Given a string S of size N consisting of the characters 0, 1 and 2, the task is to find the length of the smallest substring of string S that contains all the three characters 0, 1 and 2. If no such substring exists, then return -1.

Examples:

Input: S = “01212”
Output: 3
Explanation: The substring 012 is the smallest substring
that contains the characters 0, 1 and 2.

Input:  S = “12121”
Output: -1
Explanation:  As the character 0 is not present in the
string S, therefore no substring containing
all the three characters 0, 1 and 2
exists. Hence, the answer is -1 in this case.

 

Approach: The idea of the approach is as mentioned below:

Use three pointers to store the indices of the elements 0, 1 and 2. When all the three elements are found, the distance between the maximum of them and the minimum of them is the minimum size window.
Keep updating the pointers whenever any of them is found again and calculate the size of the new window.

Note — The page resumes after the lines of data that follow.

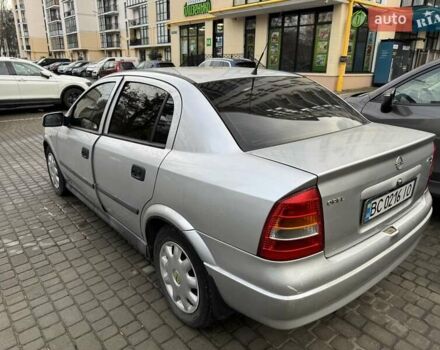 Серый Опель Астра, объемом двигателя 1.6 л и пробегом 420 тыс. км за 3500 $, фото 3 на Automoto.ua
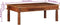 vidaXL - Salontafel - 110x60x40 - cm - massief - acaciahout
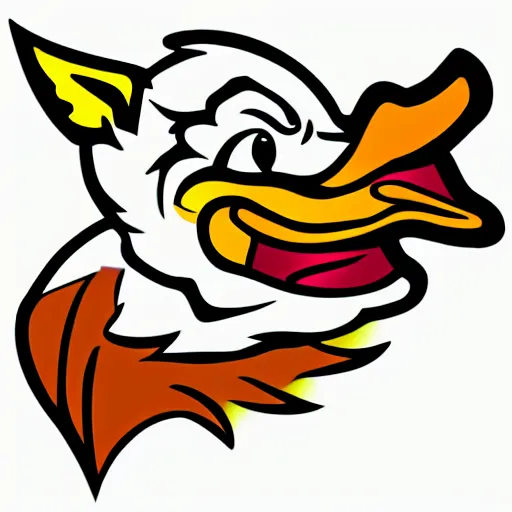 Image similar to duck dragon twitch emote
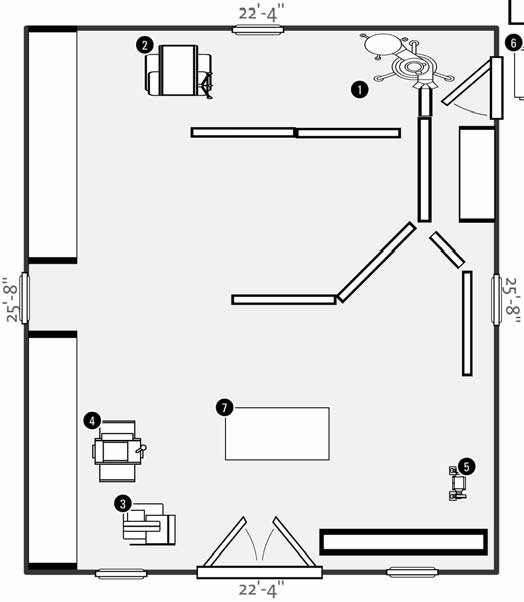 DC Duct Layout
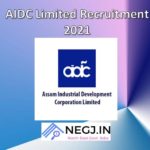 AIDC Limited Recruitment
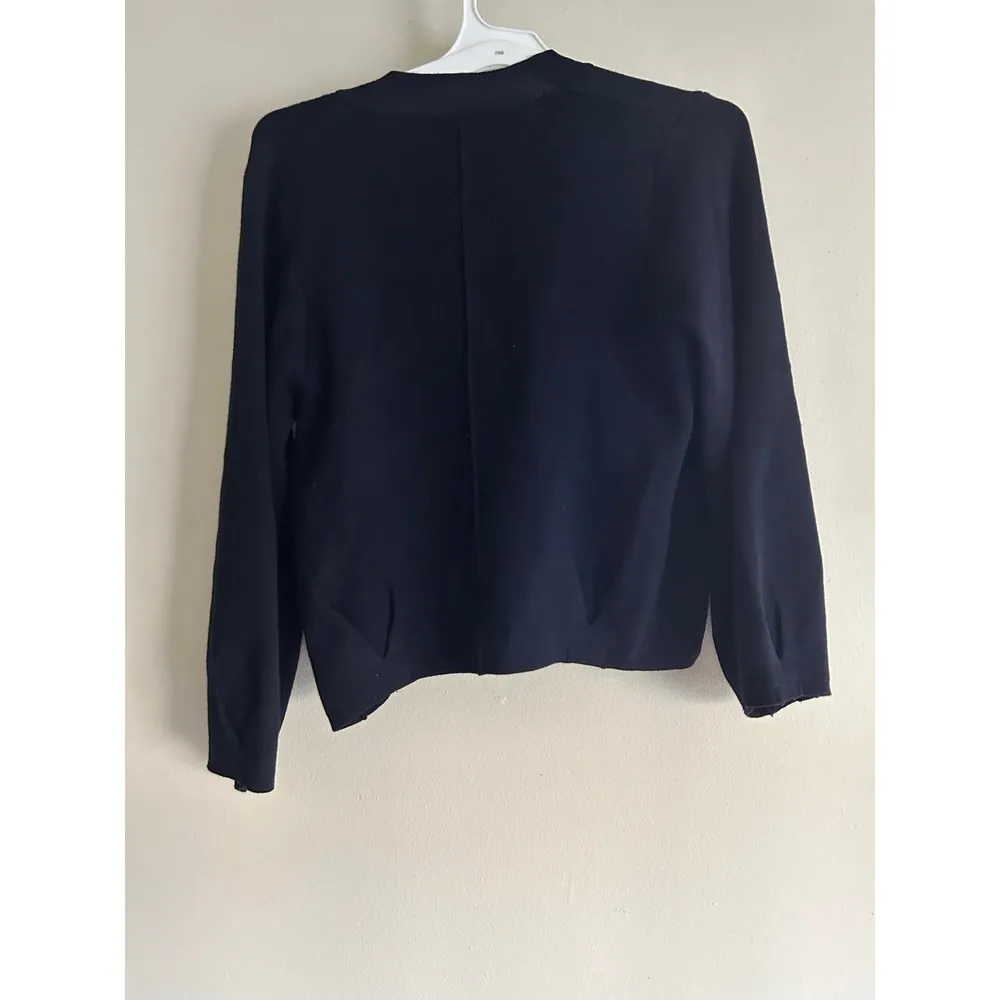 Catherine Malandrino Open Cardigan Large NWT - Image 2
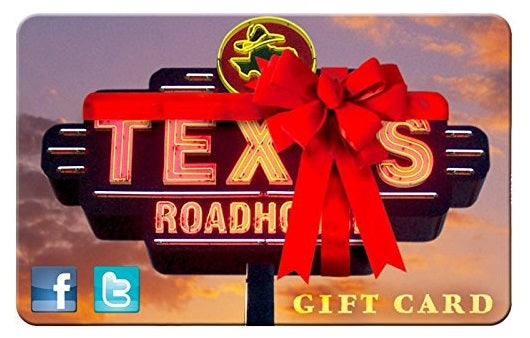 Texas Roadhouse Email Gift Card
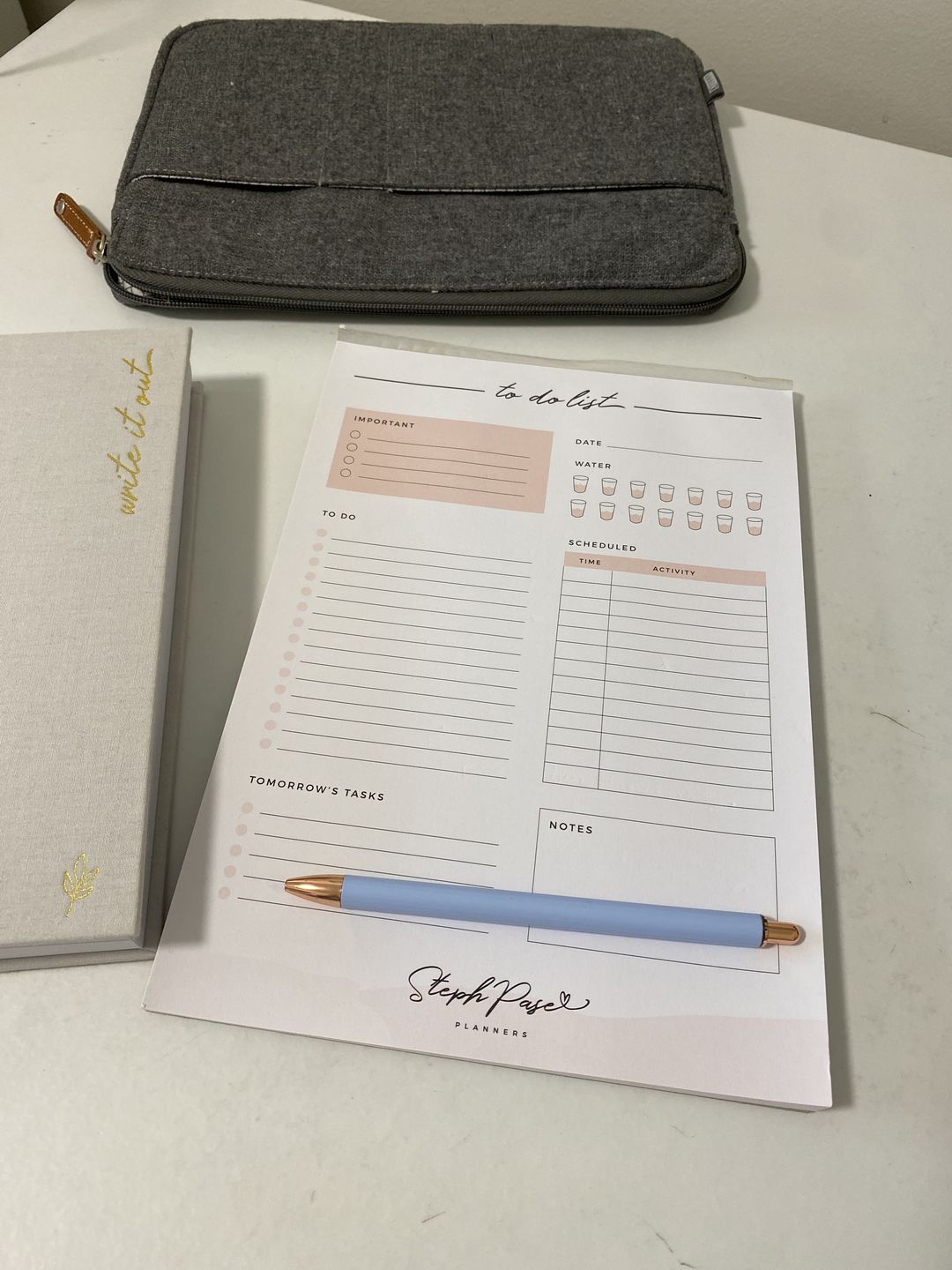 Customer photo review of To-Do List Notepad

Follow the illustration below for a better understanding.

Illustration:

Consider S = “01212” and the three pointers to be zeroindex, oneindex and twoindex and set all of them to -1 initially.

When i = 0:
        => S[i] = ‘0’. zeroindex = 0, oneindex = -1, twoindex = -1
        => All of the values are not found. So no window is possible

When i = 1:
        => S[i] = ‘1’. zeroindex = 0, oneindex = 1, twoindex = -1
        => All of the values are not found. So no window is possible

When i = 2:
        => S[i] = ‘2’. zeroindex = 0, oneindex = 1, twoindex = 2
        => All of the values are found. 
        => Maximum is twoindex = 2. Minimum is zeroindex = 0.
        => So window size = (2 – 0 + 1) = 3.
        => Minimum window size = 3

When i = 3:
        => S[i] = ‘1’. zeroindex = 0, oneindex = 3, twoindex = 2
        => All of the values are found. 
        => Maximum is oneindex = 3. Minimum is zeroindex = 0.
        => So window size = (3 – 0 + 1) = 4.
        => Minimum window size = min (3, 4) = 3

When i = 4:
        => S[i] = ‘2’. zeroindex = 0, oneindex = 3, twoindex = 4
        => All of the values are found. 
        => Maximum is twoindex = 4. Minimum is zeroindex = 0.
        => So window size = (4 – 0 + 1) = 5.
        => Minimum window size = min(3, 5) = 3

So the size of the smallest window is 3

Follow the below steps to solve the problem:

  • Take three variable zero, one and two to check if 0, 1 and 2 are found in the window or not.
  • Take three variables zeroindex, oneindex and twoindex which will store indexes of 0, 1 and 2 when we encounter them.
  • Run the for loop for the whole length of String:
    • Update the indices of the values encountered.
    • Update the length of the window, if three of them are found.
    • Length will be the difference between the maximum and the minimum of the indexes of 0, 1 and 2.
  • And if all three values i.e., 0, 1, 2 are not found after the traversal is over then in that case return ‘-1’.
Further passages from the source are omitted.